Call of Duty Breaks New Record, So Why Isn't Activision Trading Higher?
Call of Duty: Modern Warfare 3 is now the fastest-selling game of all time. But investors don't seem to care – why?
With average review scores near 90%, investors couldn't be as frustrated with Activision (NASDAQ: ATVI) as they were with THQ (NASDAQ: THQI) following the release of Homefront. Homefront's critical scores were nothing to write home about; the game barely achieved an average of 70%. Despite the bad reviews, Homefront went on to sell 375,000 copies on its first day of release. But after endless hype from THQ (and talk of the game selling millions of units), investors were not amused.
Activision's story is a bit different. Not only is Call of Duty: Modern Warfare 3 doing well with critics, but it just broke a record without selling a version of the game that retails for $150. Whereas the last two Call of Duty games were sold in special bundles with RC cars and night vision goggles, Call of Duty: Modern Warfare 3's most expensive edition topped out at $100. This means that the game's success is even more impressive than before, because it had to sell more units just to make as much as last year's release. With more than 6.5 million copies sold in one day (across the U.S. and U.K.), Activision will have some serious bragging rights for years to come.

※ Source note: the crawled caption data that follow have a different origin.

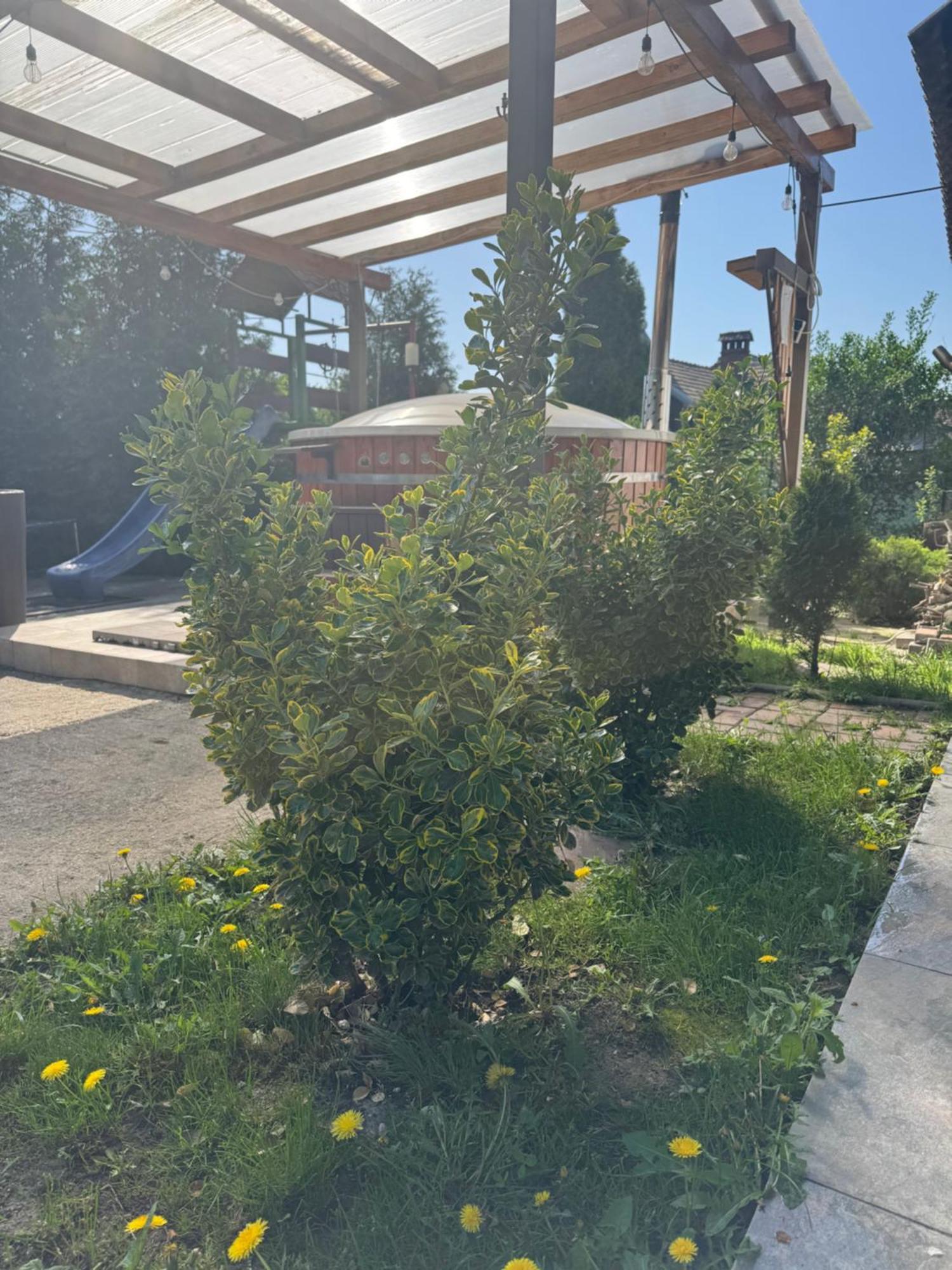 Pensiunea Casa Rica Călimăneşti Bagian luar foto
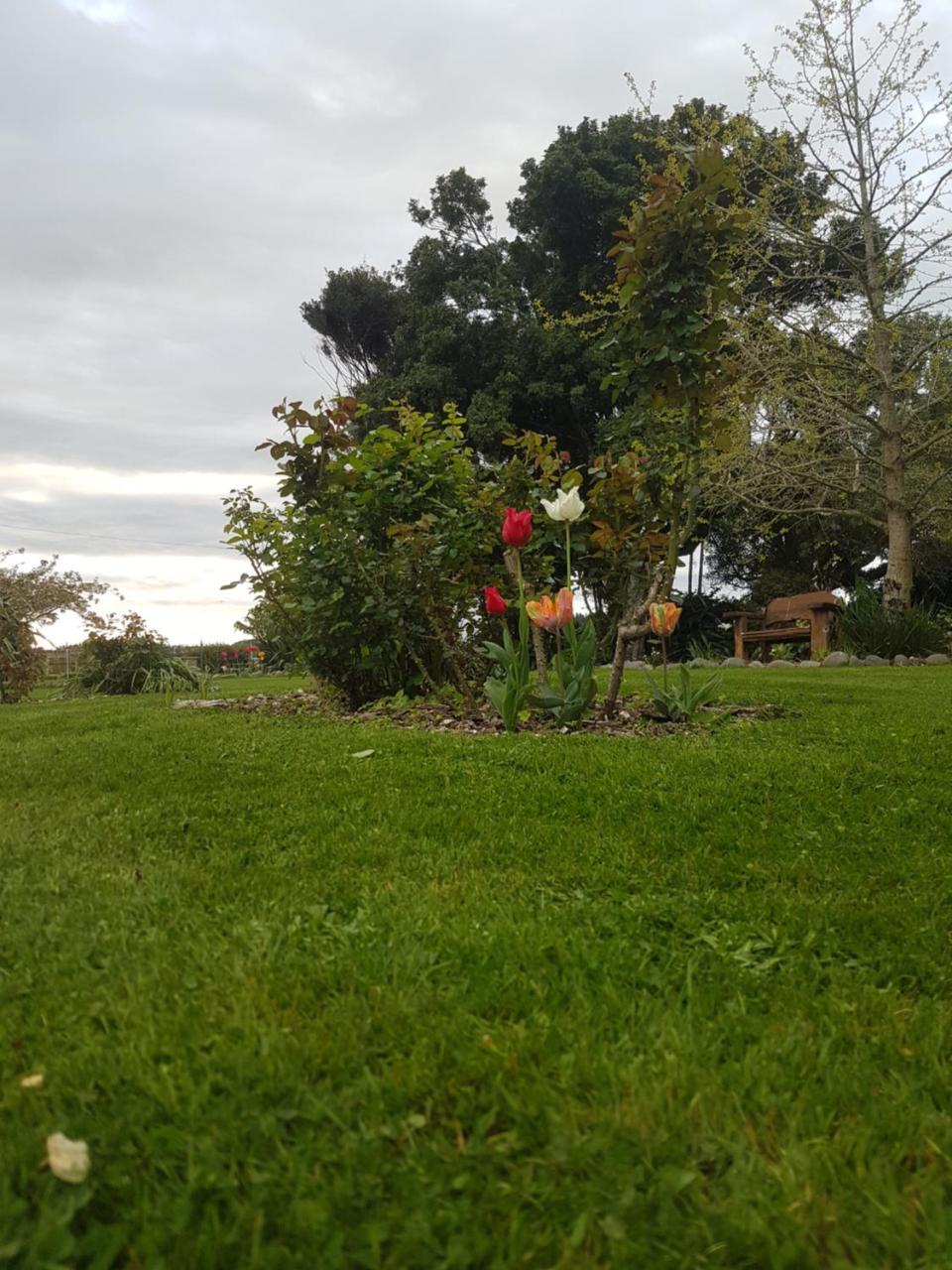 Lancewood Lodge Bulls Exterior foto
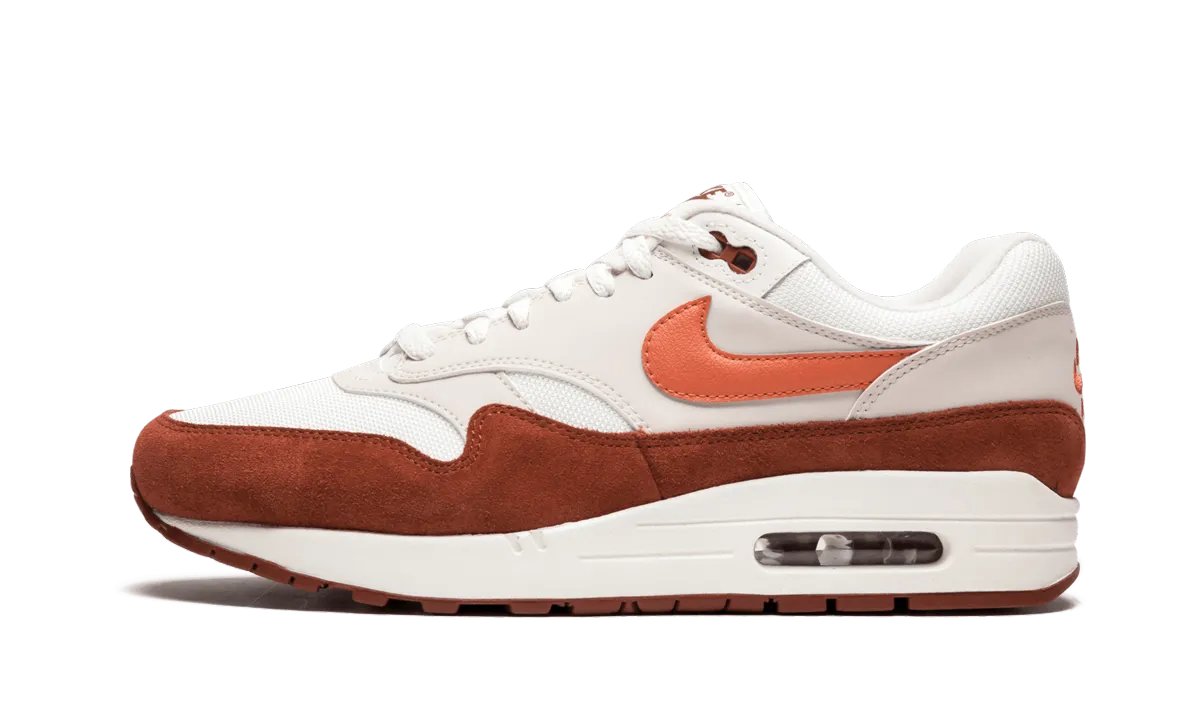 Ride Friendly Padded Air Max 1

At $400 million in 24 hours, Call of Duty: Modern Warfare 3 has made more money faster than any one item in entertainment history. While critics will be quick to point out that video games cost a bit more than movies (rare exceptions excluded), the truth is that anyone and everyone can see a film. You don't need a game console to see the latest Paranormal Activity – you can simply drive to the nearest theater, buy a $10 ticket, and watch the movie.
Movies also have the mainstream advantage. While video games have only been popular since the late ‘70s/early ‘80s, movies have been a big part of our culture for more than 60 years. Everyone – from five-year-old girls to 80-year-old men – watches movies. The same cannot be said for video games, which is still a fairly young industry.
Video games also last a bit longer than movies, and their replay value is much greater. Whereas the average film is two hours long, the average game offers a campaign with more than six hours of gameplay. With multiplayer included, the average (decent quality) game will provide its user with more than 30 hours of entertainment. A game like Call of Duty could provide several times that amount.
So why isn't it fair to compare a $60 copy of Modern Warfare 3 to a movie ticket for Avatar that costs $10 (regular) or $13 (to see it in 3D)?
Investors don't really care about this particular argument. Rather, this is the kind of battle that bloggers like to jump on.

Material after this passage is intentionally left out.